Exercise material -
Start of Block
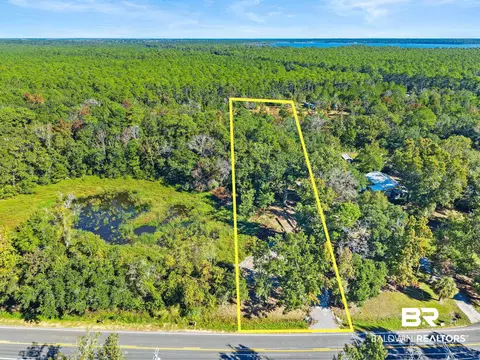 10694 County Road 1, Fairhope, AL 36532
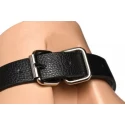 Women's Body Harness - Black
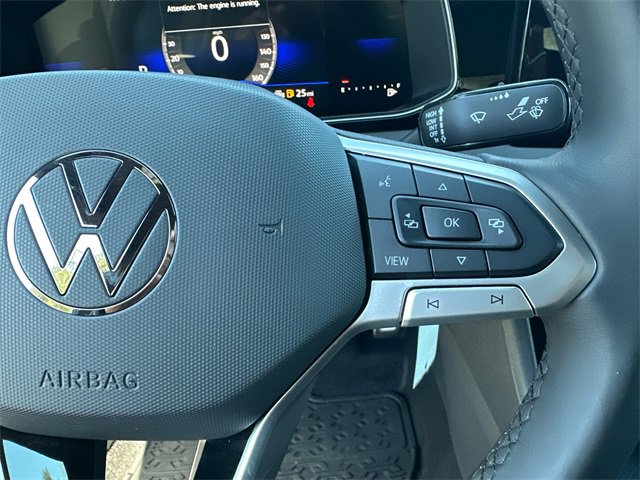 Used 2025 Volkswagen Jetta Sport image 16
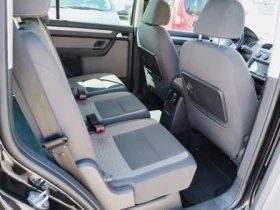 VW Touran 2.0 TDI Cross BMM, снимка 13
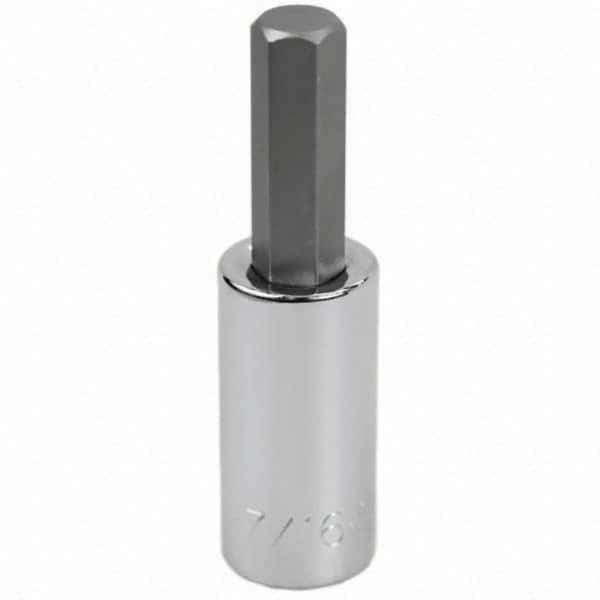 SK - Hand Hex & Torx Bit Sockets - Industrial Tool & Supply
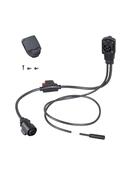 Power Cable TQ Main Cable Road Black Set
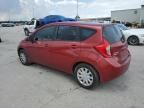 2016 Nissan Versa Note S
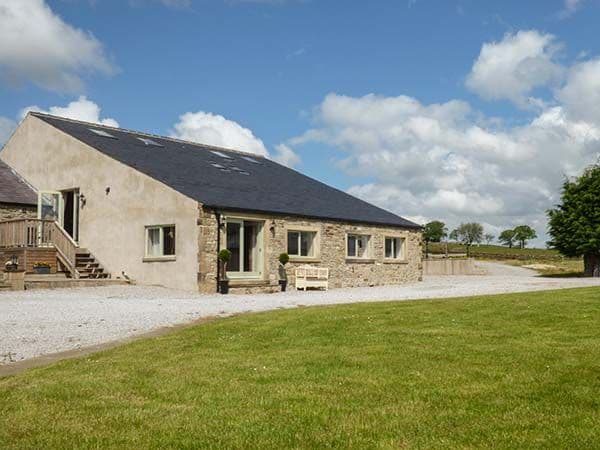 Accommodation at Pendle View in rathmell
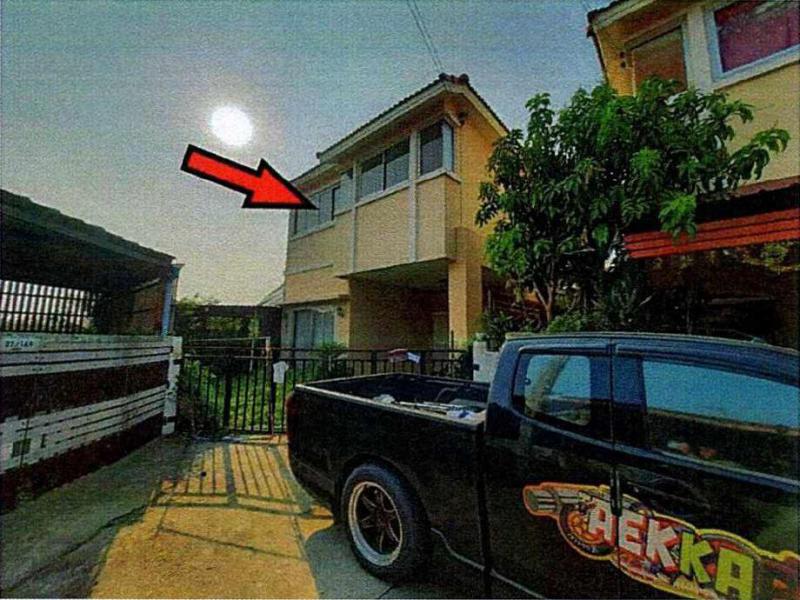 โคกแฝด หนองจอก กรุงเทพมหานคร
End of Block
Start of Block
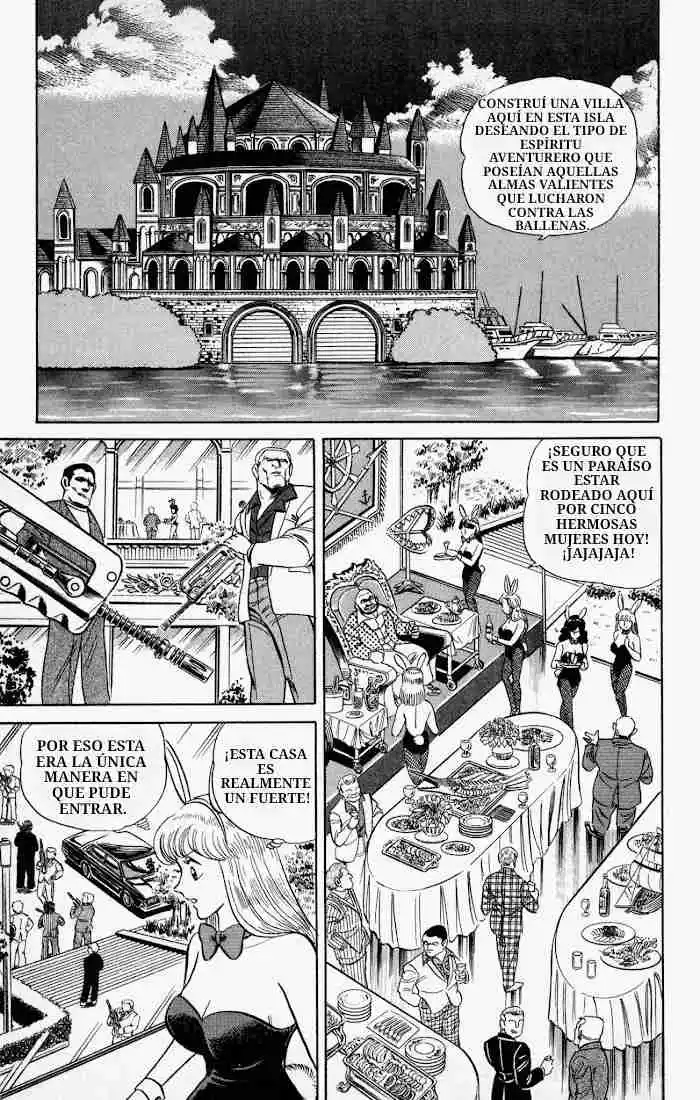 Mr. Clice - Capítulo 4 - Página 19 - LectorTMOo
End of Block
Start of Block
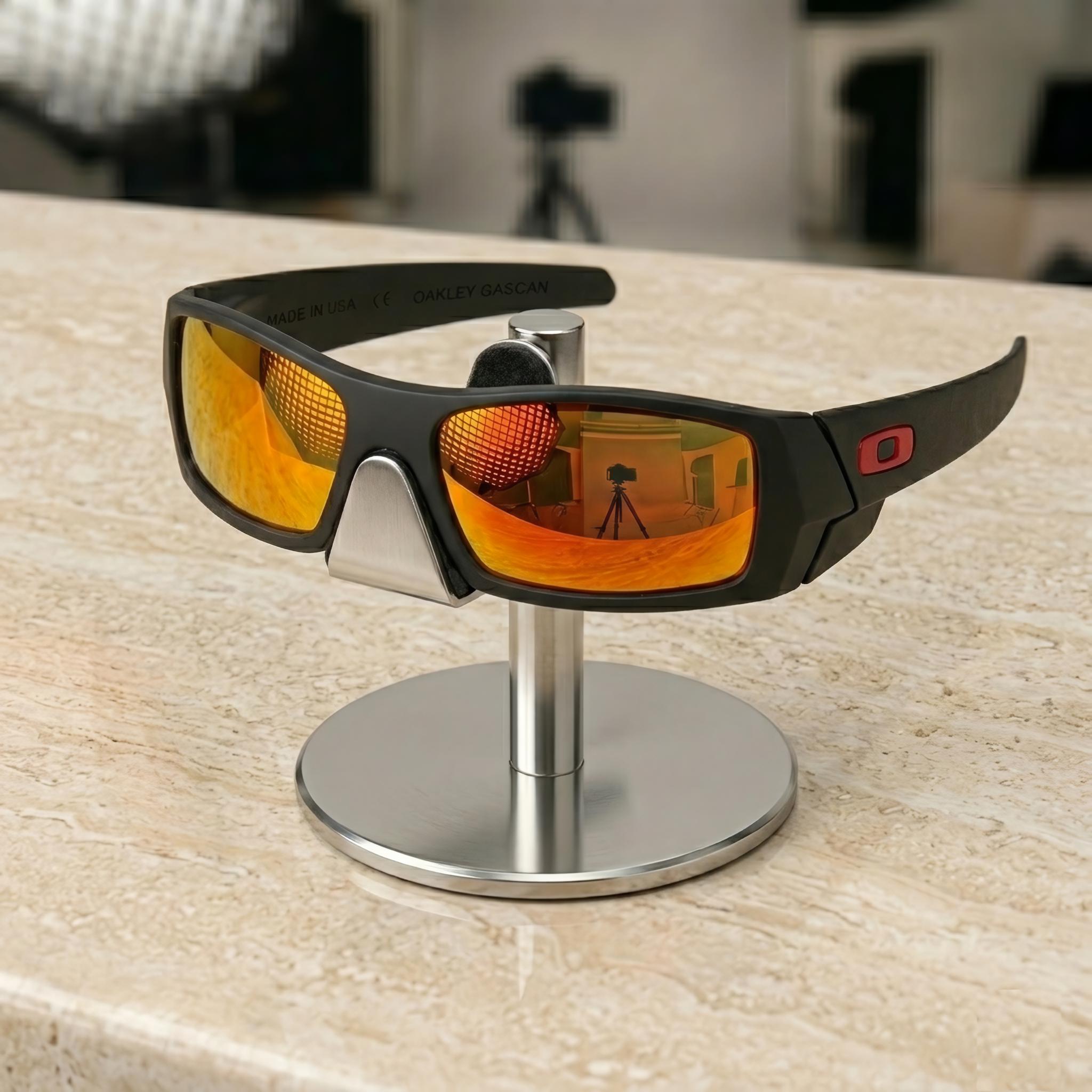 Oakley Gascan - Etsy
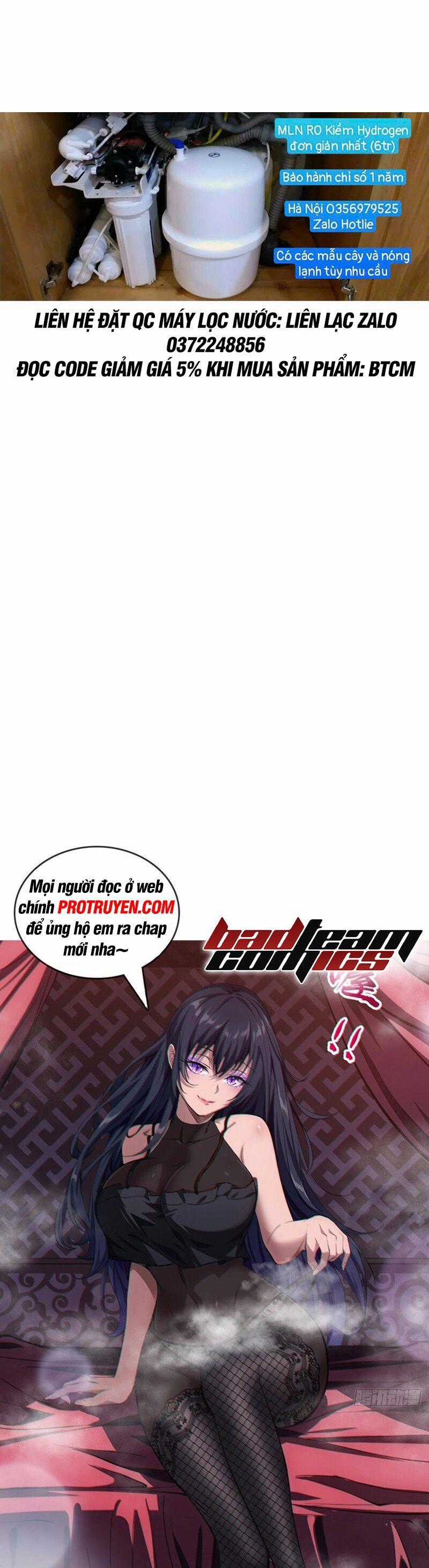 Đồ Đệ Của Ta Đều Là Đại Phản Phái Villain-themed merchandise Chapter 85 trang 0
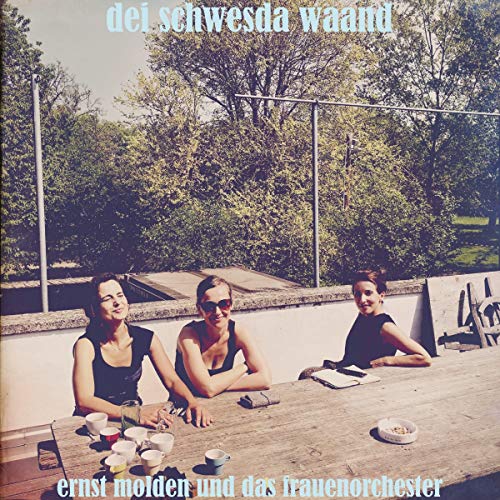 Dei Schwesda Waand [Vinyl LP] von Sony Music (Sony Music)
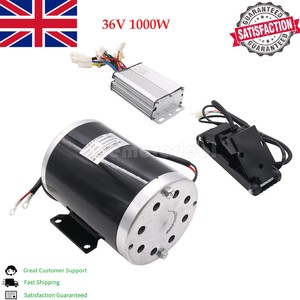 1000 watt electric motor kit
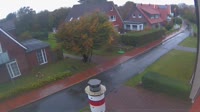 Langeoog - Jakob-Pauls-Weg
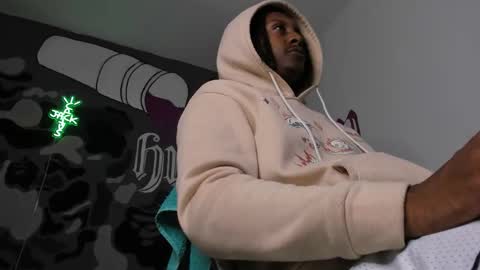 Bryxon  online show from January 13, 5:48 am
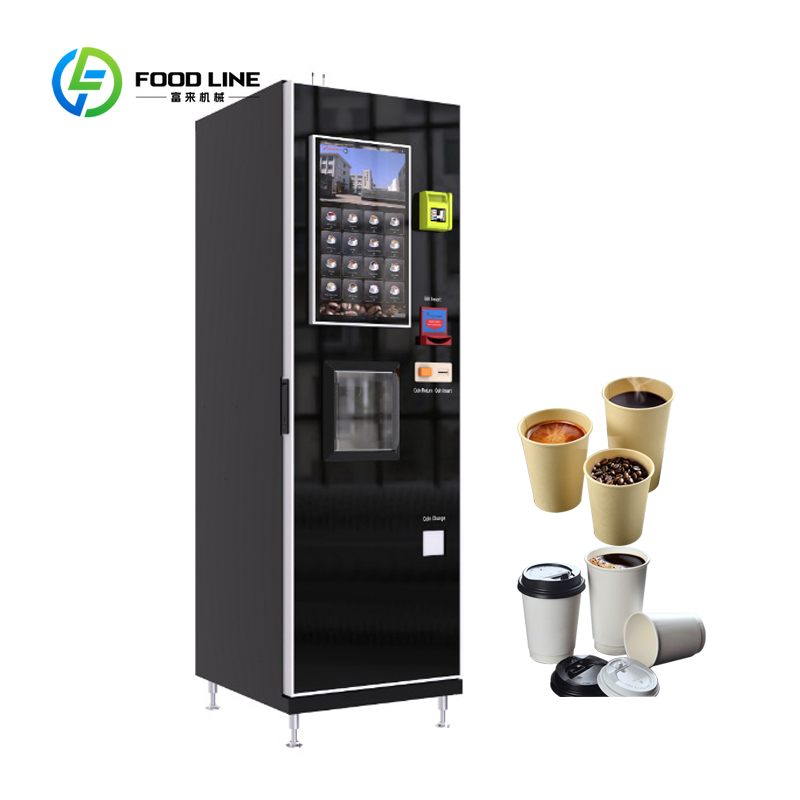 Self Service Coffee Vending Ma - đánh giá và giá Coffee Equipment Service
End of Block
In the data above, start at the line holding "Used 2025 Volkswagen Jetta Sport image 16" and stop after the line holding "โคกแฝด หนองจอก กรุงเทพมหานคร"; write out those lines exactly, without pictures.

Exercise result -
 Used 2025 Volkswagen Jetta Sport image 16
 VW Touran 2.0 TDI Cross BMM, снимка 13
 SK - Hand Hex & Torx Bit Sockets - Industrial Tool & Supply
 Power Cable TQ Main Cable Road Black Set
 2016 Nissan Versa Note S
 Accommodation at Pendle View in rathmell
 โคกแฝด หนองจอก กรุงเทพมหานคร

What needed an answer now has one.